**Your goal**:
Only a verbatim restatement of the lines from the one with "Hi, my name" through the end of the listing below is wanted. Pictures should be left out.

**Source material**:

'''

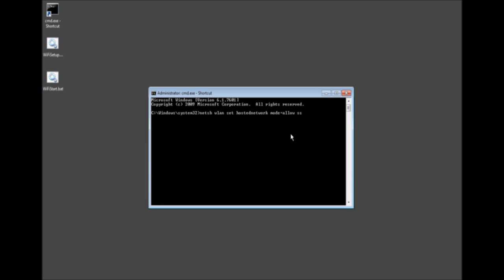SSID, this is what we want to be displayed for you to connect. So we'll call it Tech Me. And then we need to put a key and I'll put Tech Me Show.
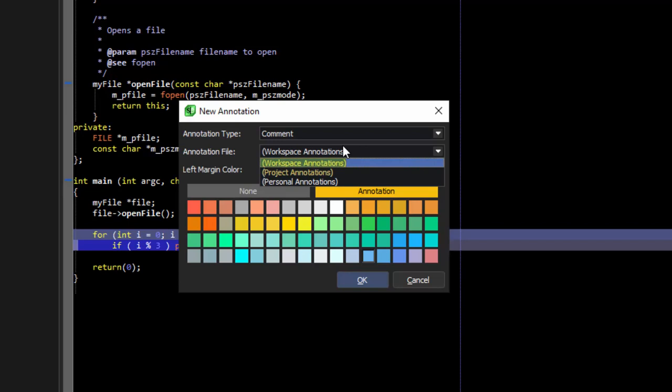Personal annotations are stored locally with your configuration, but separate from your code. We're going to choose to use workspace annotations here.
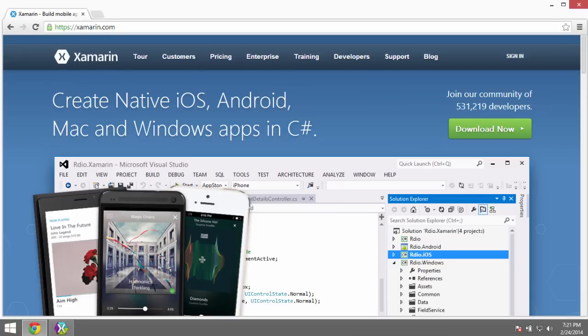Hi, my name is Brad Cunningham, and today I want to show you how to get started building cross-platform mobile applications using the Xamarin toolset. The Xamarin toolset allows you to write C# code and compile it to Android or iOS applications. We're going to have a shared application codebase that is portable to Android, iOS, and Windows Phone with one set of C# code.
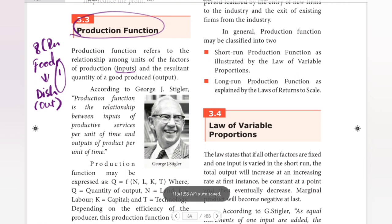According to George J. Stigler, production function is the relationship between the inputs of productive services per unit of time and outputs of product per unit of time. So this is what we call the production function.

'''

**Answer to this problem**:
Hi, my name is Brad Cunningham, and today I want to show you how to get started building cross-platform mobile applications using the Xamarin toolset. The Xamarin toolset allows you to write C# code and compile it to Android or iOS applications. We're going to have a shared application codebase that is portable to Android, iOS, and Windows Phone with one set of C# code.
According to George J. Stigler, production function is the relationship between the inputs of productive services per unit of time and outputs of product per unit of time. So this is what we call the production function.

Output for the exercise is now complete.